:: TASK INSTRUCTIONS ::
Some lines below hold "Photo". Pick them out and copy them.

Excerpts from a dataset
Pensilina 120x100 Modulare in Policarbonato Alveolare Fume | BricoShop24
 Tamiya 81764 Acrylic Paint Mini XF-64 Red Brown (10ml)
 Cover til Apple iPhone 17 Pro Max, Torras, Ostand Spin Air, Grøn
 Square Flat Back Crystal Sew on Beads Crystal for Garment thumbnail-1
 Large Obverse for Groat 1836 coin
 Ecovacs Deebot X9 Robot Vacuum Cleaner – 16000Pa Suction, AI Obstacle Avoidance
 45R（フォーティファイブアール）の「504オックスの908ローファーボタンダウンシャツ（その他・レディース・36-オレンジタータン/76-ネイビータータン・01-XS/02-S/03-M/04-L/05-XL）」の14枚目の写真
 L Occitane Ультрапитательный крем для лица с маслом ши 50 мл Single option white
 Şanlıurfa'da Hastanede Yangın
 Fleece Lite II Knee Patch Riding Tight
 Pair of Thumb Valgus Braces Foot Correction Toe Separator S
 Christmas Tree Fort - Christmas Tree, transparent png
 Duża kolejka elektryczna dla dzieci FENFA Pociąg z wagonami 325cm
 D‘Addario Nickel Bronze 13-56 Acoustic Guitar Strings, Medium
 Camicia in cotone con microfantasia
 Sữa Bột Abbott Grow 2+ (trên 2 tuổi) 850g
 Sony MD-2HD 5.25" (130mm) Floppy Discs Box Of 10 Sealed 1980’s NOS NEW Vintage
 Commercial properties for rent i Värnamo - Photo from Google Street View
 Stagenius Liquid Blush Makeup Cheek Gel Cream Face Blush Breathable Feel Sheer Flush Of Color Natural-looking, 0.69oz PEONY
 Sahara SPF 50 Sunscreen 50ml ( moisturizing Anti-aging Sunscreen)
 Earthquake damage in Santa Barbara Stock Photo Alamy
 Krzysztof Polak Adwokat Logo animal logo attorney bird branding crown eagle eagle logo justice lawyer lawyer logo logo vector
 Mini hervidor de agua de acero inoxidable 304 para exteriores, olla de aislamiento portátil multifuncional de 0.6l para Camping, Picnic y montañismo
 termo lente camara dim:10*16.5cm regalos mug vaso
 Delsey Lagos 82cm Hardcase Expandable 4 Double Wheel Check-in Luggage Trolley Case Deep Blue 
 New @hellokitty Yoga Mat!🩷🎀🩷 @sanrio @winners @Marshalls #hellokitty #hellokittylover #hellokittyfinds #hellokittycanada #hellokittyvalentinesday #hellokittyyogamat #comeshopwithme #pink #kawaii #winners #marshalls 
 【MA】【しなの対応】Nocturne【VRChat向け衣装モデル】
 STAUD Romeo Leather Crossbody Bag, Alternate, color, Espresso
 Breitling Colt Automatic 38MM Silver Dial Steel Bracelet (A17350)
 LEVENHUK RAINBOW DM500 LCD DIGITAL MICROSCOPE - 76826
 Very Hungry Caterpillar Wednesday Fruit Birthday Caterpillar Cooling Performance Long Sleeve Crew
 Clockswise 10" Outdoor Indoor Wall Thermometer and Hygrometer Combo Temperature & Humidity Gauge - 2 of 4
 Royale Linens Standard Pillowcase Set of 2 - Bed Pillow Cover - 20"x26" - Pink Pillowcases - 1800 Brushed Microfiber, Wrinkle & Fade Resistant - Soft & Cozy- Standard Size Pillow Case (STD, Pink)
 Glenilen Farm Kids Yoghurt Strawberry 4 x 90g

:: COMPLETED TASK ::
 Commercial properties for rent i Värnamo - Photo from Google Street View
 Earthquake damage in Santa Barbara Stock Photo Alamy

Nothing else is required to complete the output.